Nonprofits remain a transformative force in supporting communities of all backgrounds and ensuring that everyone in the U.S. can thrive. To reach that goal, we need a better framework to understand and improve the nonprofit sector’s overall health. In the end, communities will benefit because they’ll be stronger for residents.
As part of this effort, Independent Sector hosted a series of focus groups in February to explore data-driven guidelines that identify a “healthy” nonprofit sector. The focus groups were part of our follow up to our first annual Health of the U.S. Nonprofit Sector report, which we released in 2020.
While we aggregated plenty of data on the sector’s health, we realized there is little consensus about how healthy we are based on it. Think of it this way: When doctors measure vital signs, they diagnose the status of their patients’ well-being by comparing their findings against an accepted “healthy” range. Yet, the nonprofit sector doesn’t have shared guidelines for what constitutes good, fair, or poor sector health:
- Is $450 billion in annual charitable donations a healthy number?
- What about the fact that 22% of nonprofit board members are people of color in a nation in which they make up more than 40% of the population?
- There’s agreement that this is not a healthy current state, but to what target should we aspire?

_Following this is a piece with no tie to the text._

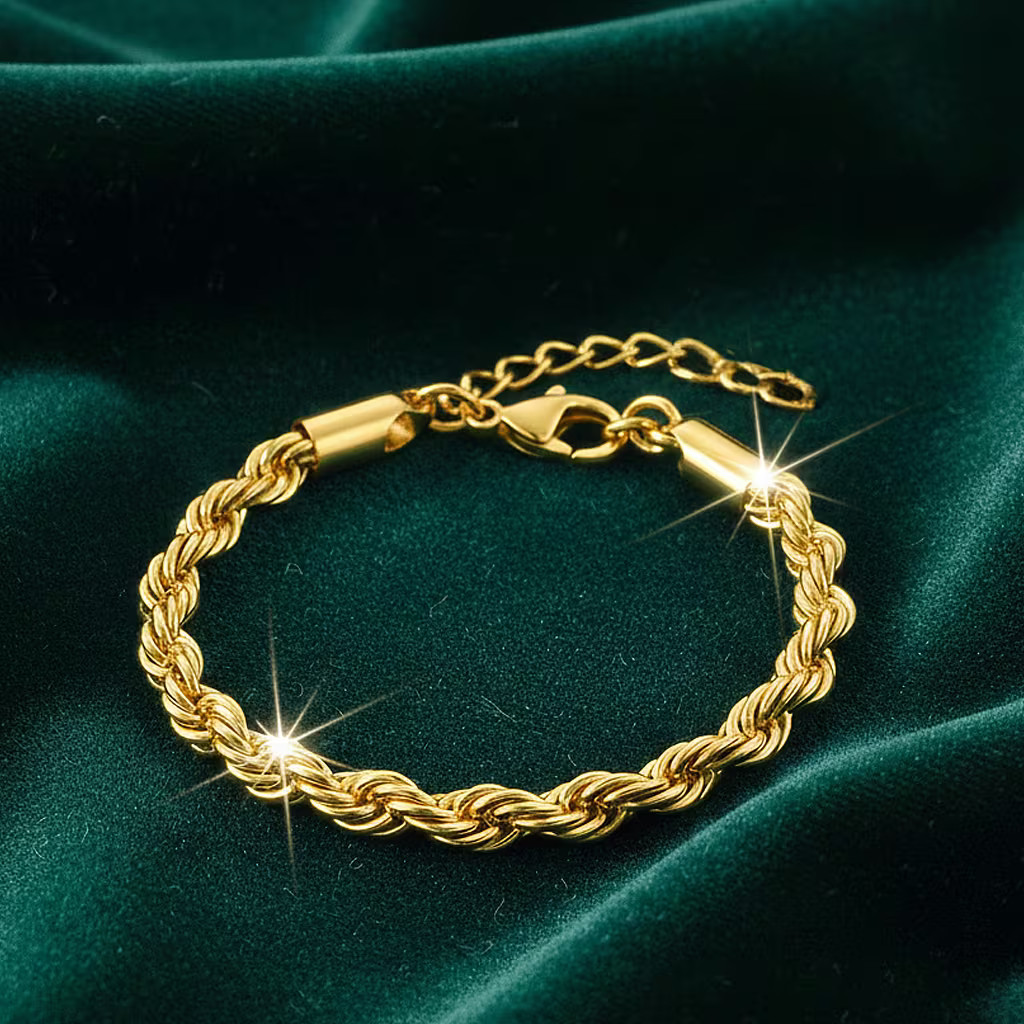 Rope Chain Bracelet in ION Plated YG Stainless Steel (7-9In)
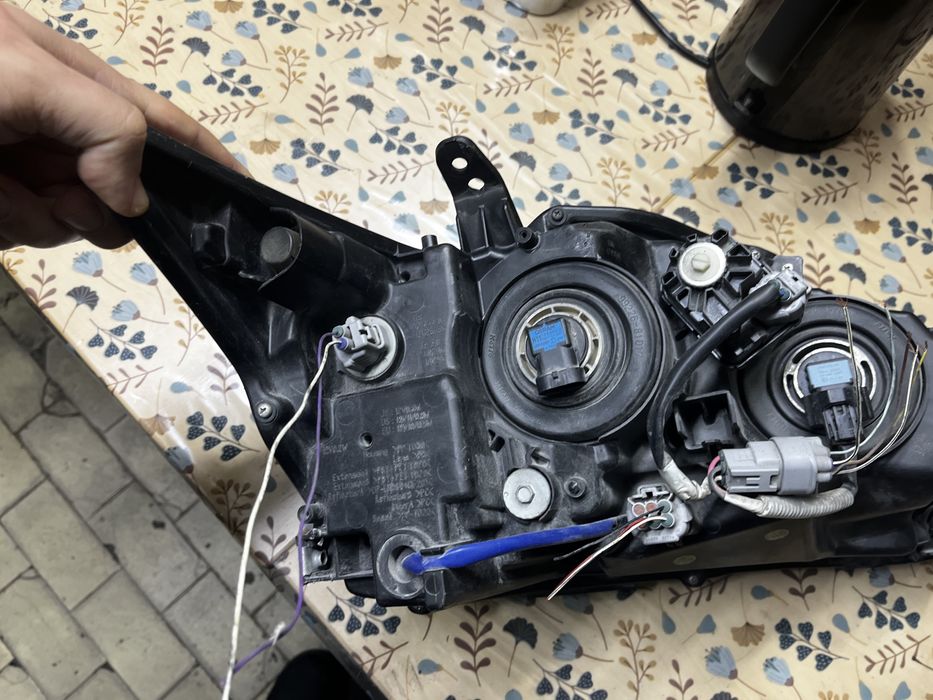 Lexus CT 200h ляв фар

A set of consensus “health guidelines” or “targets” could help galvanize the sector around shared goals for a stronger sector and help us understand how much work is needed to get there.
Independent Sector issued an open call to the sector to join focus groups on developing draft health targets. Twenty-seven nonprofit leaders provided feedback in four focus groups centered around various areas of sector health: Financial Resources, Human Capital, Governance and Trust, and Public Policy and Advocacy. Leaders considered questions like:
- “How do we know the sector is healthy?”
- “How does equity relate to sector health?”
- “Which indicators are most meaningful for communicating health?”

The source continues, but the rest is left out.